Rules & Policy

Read these guidelines before the event. Participation implies acceptance of all rules.

Participation

The Broadstreet IT Team Challenge 2026 is an internal event open exclusively to Broadstreet Group IT team members who have been assigned an account by the event administrator.

  • Only registered participants with a valid account may take part
  • Each participant belongs to one team, assigned before the event starts
  • Teams consist of 5 members drawn from across IT roles (IT Ops, Service Desk, Application Support, Developer, Security)
  • Participants must use their own assigned account — sharing credentials is not permitted
  • The event takes place during a defined time window announced by the admin

Challenge Rules

Levels are sequential
You must complete each level before unlocking the next. There is no skipping. Levels progress from networking fundamentals through to advanced web exploitation.
Hints are available but tracked
Each level may have an optional hint. Click "Show Hint" to reveal it. Hint usage is recorded in your activity log and visible to the administrator for reporting purposes.
Learning notes are always shown
Whether your answer is right or wrong, a learning note will appear explaining the concept. The goal of this challenge is learning — not just winning.
Bonus challenge
After completing all 40 levels, a link to a separate bonus challenge will appear. This is a standalone challenge hosted on a different address.
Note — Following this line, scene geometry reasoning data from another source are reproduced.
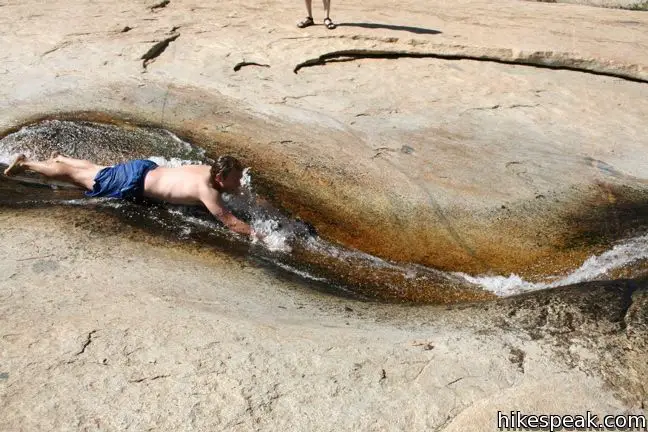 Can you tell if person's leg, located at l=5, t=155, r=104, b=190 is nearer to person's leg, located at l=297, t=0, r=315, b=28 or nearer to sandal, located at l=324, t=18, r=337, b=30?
person's leg, located at l=297, t=0, r=315, b=28

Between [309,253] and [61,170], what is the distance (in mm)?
1923

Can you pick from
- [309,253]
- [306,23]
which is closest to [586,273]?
[309,253]

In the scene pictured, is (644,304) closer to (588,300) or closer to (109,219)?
(588,300)

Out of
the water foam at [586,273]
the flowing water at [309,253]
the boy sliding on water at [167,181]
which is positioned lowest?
the water foam at [586,273]

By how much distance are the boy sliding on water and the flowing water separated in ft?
0.26

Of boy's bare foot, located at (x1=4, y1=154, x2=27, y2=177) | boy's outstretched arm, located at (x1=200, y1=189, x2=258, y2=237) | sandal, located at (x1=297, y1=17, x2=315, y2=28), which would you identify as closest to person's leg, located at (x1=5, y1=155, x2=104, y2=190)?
boy's bare foot, located at (x1=4, y1=154, x2=27, y2=177)

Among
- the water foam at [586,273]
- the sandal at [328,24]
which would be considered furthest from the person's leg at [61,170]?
the sandal at [328,24]

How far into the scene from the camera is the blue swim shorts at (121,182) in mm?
5109

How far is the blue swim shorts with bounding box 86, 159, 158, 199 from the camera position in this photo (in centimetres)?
511

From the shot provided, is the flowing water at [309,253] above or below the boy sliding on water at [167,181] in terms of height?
below

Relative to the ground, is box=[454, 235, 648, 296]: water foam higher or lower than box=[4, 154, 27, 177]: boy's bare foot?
lower

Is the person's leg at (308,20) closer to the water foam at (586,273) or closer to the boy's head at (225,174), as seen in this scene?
the boy's head at (225,174)

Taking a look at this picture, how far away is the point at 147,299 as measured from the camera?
3.68 metres

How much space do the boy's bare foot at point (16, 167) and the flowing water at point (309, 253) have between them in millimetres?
88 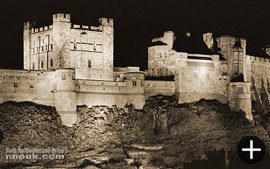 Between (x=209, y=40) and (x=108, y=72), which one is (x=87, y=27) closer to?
(x=108, y=72)

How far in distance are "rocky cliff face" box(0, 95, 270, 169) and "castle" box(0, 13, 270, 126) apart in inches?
47.1

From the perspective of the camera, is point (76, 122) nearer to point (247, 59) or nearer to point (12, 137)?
point (12, 137)

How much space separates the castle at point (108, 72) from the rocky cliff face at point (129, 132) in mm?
1197

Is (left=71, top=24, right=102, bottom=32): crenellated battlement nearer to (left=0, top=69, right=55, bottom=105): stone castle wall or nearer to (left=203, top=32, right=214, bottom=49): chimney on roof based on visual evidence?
(left=0, top=69, right=55, bottom=105): stone castle wall

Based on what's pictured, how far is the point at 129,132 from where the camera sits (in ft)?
186

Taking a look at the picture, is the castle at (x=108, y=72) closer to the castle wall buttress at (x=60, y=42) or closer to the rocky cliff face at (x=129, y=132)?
the castle wall buttress at (x=60, y=42)

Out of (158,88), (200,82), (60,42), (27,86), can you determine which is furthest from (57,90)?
(200,82)

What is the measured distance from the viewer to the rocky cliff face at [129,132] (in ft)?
169

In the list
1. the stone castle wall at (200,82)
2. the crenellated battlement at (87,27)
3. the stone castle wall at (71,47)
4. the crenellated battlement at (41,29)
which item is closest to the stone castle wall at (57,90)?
the stone castle wall at (71,47)

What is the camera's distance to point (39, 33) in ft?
205

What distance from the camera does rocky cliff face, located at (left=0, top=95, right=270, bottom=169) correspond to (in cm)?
5153

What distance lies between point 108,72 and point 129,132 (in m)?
8.58

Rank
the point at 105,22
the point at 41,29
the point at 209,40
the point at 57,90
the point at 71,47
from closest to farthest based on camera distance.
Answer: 1. the point at 57,90
2. the point at 71,47
3. the point at 41,29
4. the point at 105,22
5. the point at 209,40

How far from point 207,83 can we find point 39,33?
19410 millimetres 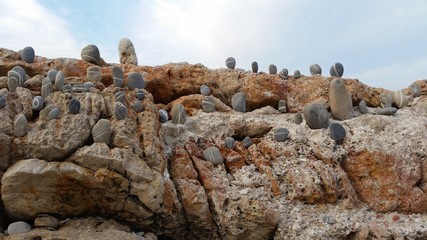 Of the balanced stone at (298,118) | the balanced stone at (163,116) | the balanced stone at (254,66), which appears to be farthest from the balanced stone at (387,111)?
the balanced stone at (163,116)

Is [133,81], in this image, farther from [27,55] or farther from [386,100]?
[386,100]

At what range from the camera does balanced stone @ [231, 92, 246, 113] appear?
8961 mm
The first person to capture the bonus flag wins the top prize.
No automated tools or scripts
All challenges must be completed manually. Running automated scanners, brute-force tools, or scripts against the platform is not permitted and may result in disqualification.

Code of Conduct

This is a team-building event. The spirit of the challenge is learning and friendly competition.

  • Do not share answers, flags, or solutions with other participants during the event
  • Do not attempt to access, tamper with, or disrupt other participants' sessions
  • Do not attempt to access the admin panel or any path not part of the official challenge
  • Do not attempt to access another team member's account
  • Report any platform bugs or unintended vulnerabilities to the admin immediately — exploiting unintended issues will result in disqualification
  • Treat all participants with respect throughout the event
Note: The challenge intentionally contains exploitable web vulnerabilities as part of specific levels (e.g. SQL injection). Participants are authorised to exploit only the designated challenge targets — attempting to attack the platform itself or its underlying infrastructure is strictly prohibited.

Scoring & Prizes

Prize Winner Tiebreaker
Apple iPad First individual to reach the highest level achieved by anyone during the event Exact timestamp of level completion
Apple MacBook First individual to capture the bonus challenge flag Exact timestamp of flag submission
Google Fit Band
(per member)
Team with the highest average level across all 5 members Sum of all member timestamps (lower = faster)

All milestone timestamps are recorded server-side at the moment of submission. Participant device time is not used for prize decisions.

Technical Guidelines

  • Use a modern browser (Chrome, Firefox, or Edge recommended)
  • Browser developer tools are permitted and encouraged — they are part of the challenge
  • You may use the command line, terminal, and standard utilities (curl, dig, nslookup, ping, traceroute, etc.)
  • Wireshark and packet analysis tools are permitted for designated levels
  • VPN or proxy tools may be used for personal privacy but must not be used to circumvent challenge restrictions
  • If the platform becomes unavailable during the event, the admin will notify participants and may extend the time window accordingly

Privacy & Data

Your participation data (levels completed, time spent, hints used, answers submitted) is recorded for the purposes of leaderboard rankings, prize decisions, and a post-event analytics report shared with IT leadership.

  • Data is stored on a Broadstreet-controlled Azure server and is not shared with third parties
  • Activity logs include timestamps, level attempts, and hint usage — not keystrokes or personal device data
  • The admin can view aggregated analytics but your individual answers are used only for scoring purposes
  • Data will be retained for 90 days after the event and then deleted

Questions about data handling can be directed to the event administrator.